Press: Normally, in what time frame should all this occur? One week? One month?
Jorge Zavala: If you would consider that an administrative act of declaration of responsibility allows you to contest it within 15 days, showing that you don’t have anything to do with the debt and that the debt is illegitimate. From there, the appeal, is approximately, according to our statute, 60 days.
Press: Normally, there should be a regulation to say what are the stages that should occur in this process.
Jorge Zavala: In no country in the world has this power been given to public administration. This power is in the hand of judges and within due process where one can defend one’s self, where one can argue it and it can be proven. It’s not a summary administrative process like a forceful execution. Only in Ecuador is this power given to treasury collectors, who 99% of the time are not even lawyers. They don’t have the means of evaluating the legal entity of each individual. That is the reality that we are living in and therefore I am distributing this manual so that you can take account of the dates, the demands, and that you ask those who are responsible that what I am saying is the pure truth.

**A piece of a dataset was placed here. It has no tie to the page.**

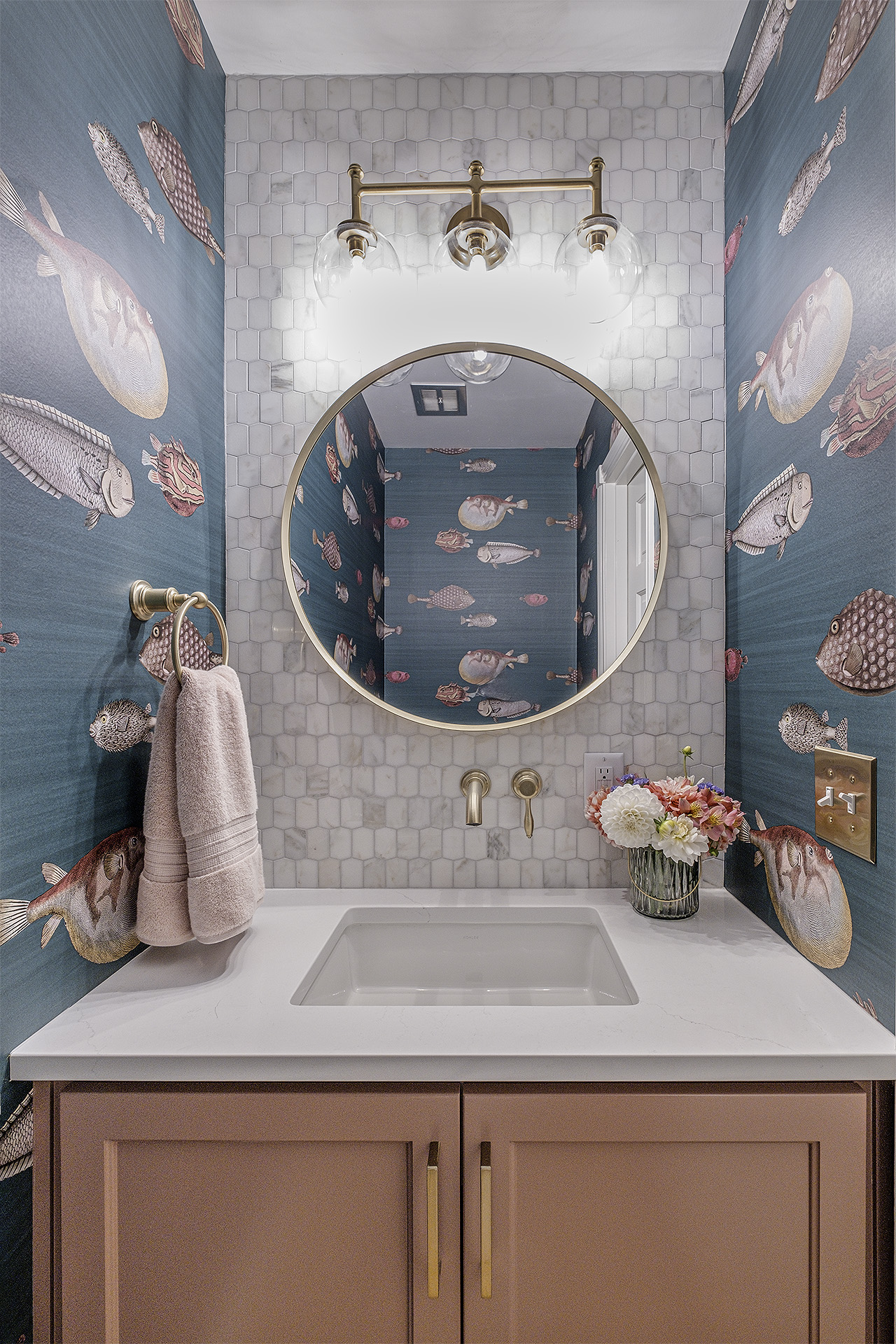 Powder room vanity with round mirror, fish wallpaper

PRESS: Counselor, logically, many months have passed in this case. How come you have brought it to a press conference now? You know that the case is paralyzed by the presidential candidacy.
Jorge Zavala: It is paralyzed because of Attorney Noboa’s trial of exceptions. In the trial of exceptions, it’s no longer Bananera Noboa, in any case, now it’s Álvaro Noboa.
Press: Why is he addressing this issue now?
Jorge Zavala: He’s not stopped since September 28.
Press: Are you in charge of this case?
Jorge Zavala: I was legally consulted by Álvaro Noboa Pontón and as a result of that legal consultation, which is published on the first page of the manual that I am distributing, I did the legal study and am putting it to the disposition of public opinion.
PRESS: Is there not going to be any denunciation brought by the legal side?
Jorge Zavala: No, I, the only thing that I want, and I repeat, is to reach the conscience of the Ecuadorian community. If the Ecuadorian community receives the issue in its just, non-politicized dimensions – just because this is a politician, doesn’t mean the arguments are political – the arguments are legal and legal arguments should be legally debated. If the IRS, Customs, the IESS, the Ministry of Labor want to debate it with me, I would be more than happy. But I repeat, the aim is for social awareness. One can’t live in a community with one’s family goods at permanent risk because of the lack of responsibility of public administrations. We live in a country that I consider to be totalitarian. There should be a limit and the limit, at the very least, should be to have goods, a house, a car, a vehicle safe from the arbitrary actions of an administration.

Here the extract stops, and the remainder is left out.